Phantastisches Südamerika -...
Marco Gerhards
Reiseberichte gibt es viele, sind vielleicht der Ursprung prosaischer Literatur überhaupt – der staunende Mensch tritt fasziniert dem Neuem gegenüber. Planet Erde wurde erforscht und beschrieben, nicht bis in den letzten Winkel, aber vielleicht bis in den vorletzten.
Wozu also weitere Reiseberichte, obendrein aus Südamerika, dem hippen und angesagten Kontinent der Milleniums-Backpacker, dort wo jeder schon seinen Rucksack getragen hat?

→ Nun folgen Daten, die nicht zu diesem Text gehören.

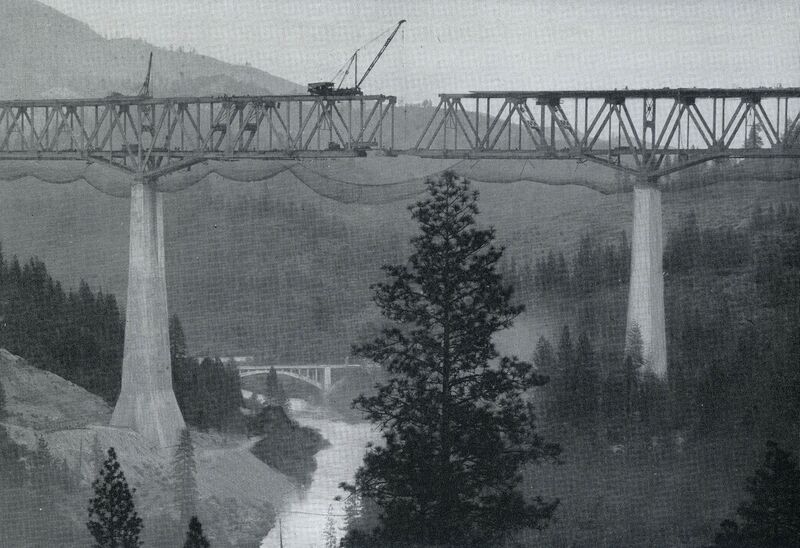File:13PitRiverConst.jpg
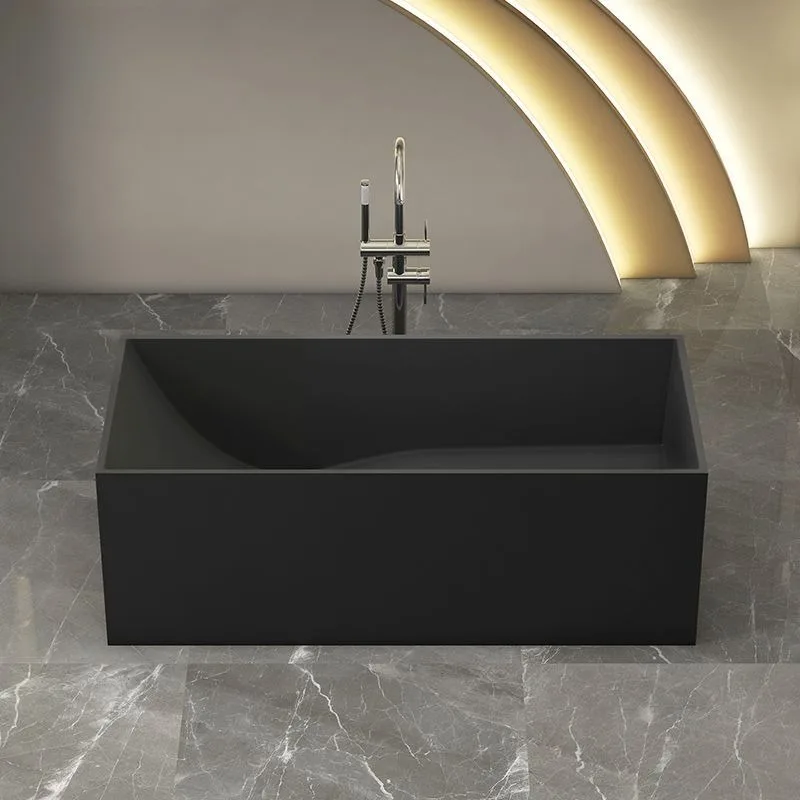 

Japanese Edge Barrier Bathtub Faucet Toys Organizer Large Bathtub Foam Prop Benoire De Douche Home Furniture Accessories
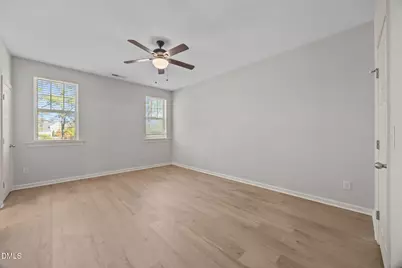 1116 Shasta Daisy Drive, Wake Forest, NC 27587 - Photo 19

Weil Mitteilungen an die Liebsten, gesendet als nahezu tägliche Email, ganz jungfräulich, authentisch und in vivo übermittelt werden. Weil der Autor nicht an seinem Heimcomputer mit Kaffee und Zigarette sitzt und Memoiren nachträglich für das Publikum diktiert, sondern in überfüllten Internetcafes im andinen Hochland, umgeben von schreienden und wuselnden Indianern, live in die Tasten haut.
Knapp vier Monate unterwegs ist ein unterhaltsames, humorvolles, an den Stellen, wo es um Konquista und Ausbeutung geht, aber auch kritisches Werk entstanden, das auch im Reiseboom-Zeitalter noch die Herzen von Fernweh geplagten Europäern erreicht. Immer wieder längst überfällige Schreie des indianischen Schmerzes kommen genau so zum Tragen wie das entgegengesetzte Naturbild der scheinbar doch nicht so gänzlich globalisierten Südamerikaner.
Besuche im Dschungel des Amazonas, am Fuße ecuadorianischer Vulkane und der größten Salzwüste der Welt stehen genauso auf der Agenda wie großstädtisches Treiben in Lima, Quito und Buenos Aires oder verschlafene Esel, gebratene Hühnerfüße und Insektenschwärme. Glückselige Betrachtungen der Sterne, Berge und Flüsse ergänzen sich mit politischen, historischen und sozialen Überlegungen zu einer spielerisch-neugierigen und kritisch-aufmerksamen Melange.
Offensichtlich ist hier ein Reisebericht von überzeugender Unschuld entstanden, mit dem nicht nur die Empfänger der Emails imaginär nach Ecuador, Peru, Bolivien, Chile, Argentinien und Uruguay reisen dürfen, sondern auch die Leserinnen und Leser des als Gesamtwerk erscheinenden Buches. Der Ursprung des Staunens liegt im Neuen, der Mensch verwandelt sich im Tun, die Reiseberichte aus Südamerika sind beredtes Zeugnis.